No norte de Maradi onde a disponibilidade de terra já foi abundante e a mão-de-obra escassa, a prática de pousio era comum. Com a diminuição da disponibilidade de terra e com o aumento demográfico, os pousios têm se tornado mais curtos ou inviáveis, provocando queda nas produtividades dos cultivos. Para melhorar o desempenho produtivo de suas lavouras, os agricultores de Maradi passaram a adotar algumas práticas de integração agricultura-pecuária. Têm deixado seus animais – ou os pertencentes a pastores nômades – pastarem nas áreas de cultivo nos períodos de entressafra.
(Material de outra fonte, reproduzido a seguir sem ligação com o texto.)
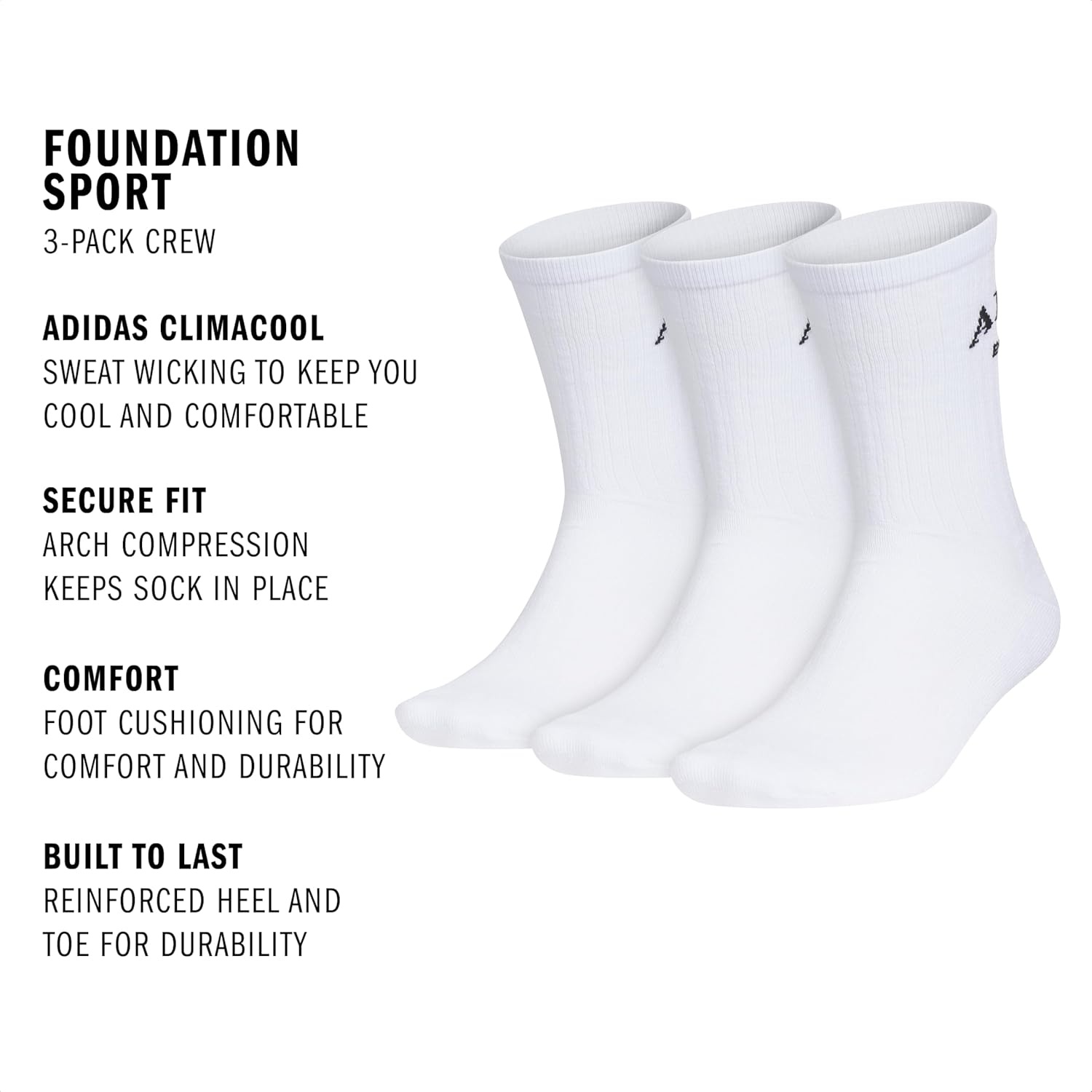 image:imageadidas Cushioned Crew Socks 3PairWhiteBlackFoundation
Durante as épocas de cultivo, os animais são mantidos presos. Essa medida exige o aumento de trabalho das famílias já que passam a ter que fornecer forragens aos animais confinados. A introdução de novas espécies geradoras de renda nas áreas de cultivo e o plantio e proteção de árvores nos sistemas produtivos têm sido outras estratégias adotadas espontaneamente pelas famílias agricultoras da região.
No passado, era possível estocar grãos por até três anos, o que evitava que as famílias fossem levadas à migração. Atualmente, porém, é comum que a produção de um ano seja toda consumida antes da próxima safra. Nos piores anos agrícolas, as adaptações desenvolvidas não são suficientes para compensar as safras perdidas. Nesses casos, muitos tomam a decisão de migrar em busca de meios alternativos de vida.
DIVERSIFICANDO FONTES DE RENDA E CANAIS DE COMERCIALIZAÇÃO
A especialização produtiva nas regiões semiáridas é uma aposta altamente arriscada. Essa é a razão pela qual tradicionalmente os agricultores buscam diversificar suas atividades. Na região Kano-Maradi, pequenos agricultores ingressaram no mercado agrícola global pela primeira vez por meio dos conselhos coloniais criados para promover a produção de amendoim e algodão para exportação. Na época, poucos produtores estavam dispostos a assumir os grandes riscos dessas atividades. Mantiveram seus plantios tradicionais e plantaram os cultivos para exportação em novas áreas. Atualmente, com a diminuição da disponibilidade de terras por família, essa opção praticamente não é mais viável. Por outro lado, essas alternativas de geração de renda pelo acesso aos mercados internacionais logo se mostraram inviáveis devido à queda dos preços das commodities e ao surgimento de doenças e pragas nas plantações.
Mais recentemente, a agricultura foi diversificada com o plantio de espécies com potencial de merca- do, tal como o gergelim em Kano e a chufa em Maradi. O gado produzido em ambas as regiões é cada vez mais transportado para cidades costeiras. Os mercados locais de alimentos tradicionais básicos cresceram.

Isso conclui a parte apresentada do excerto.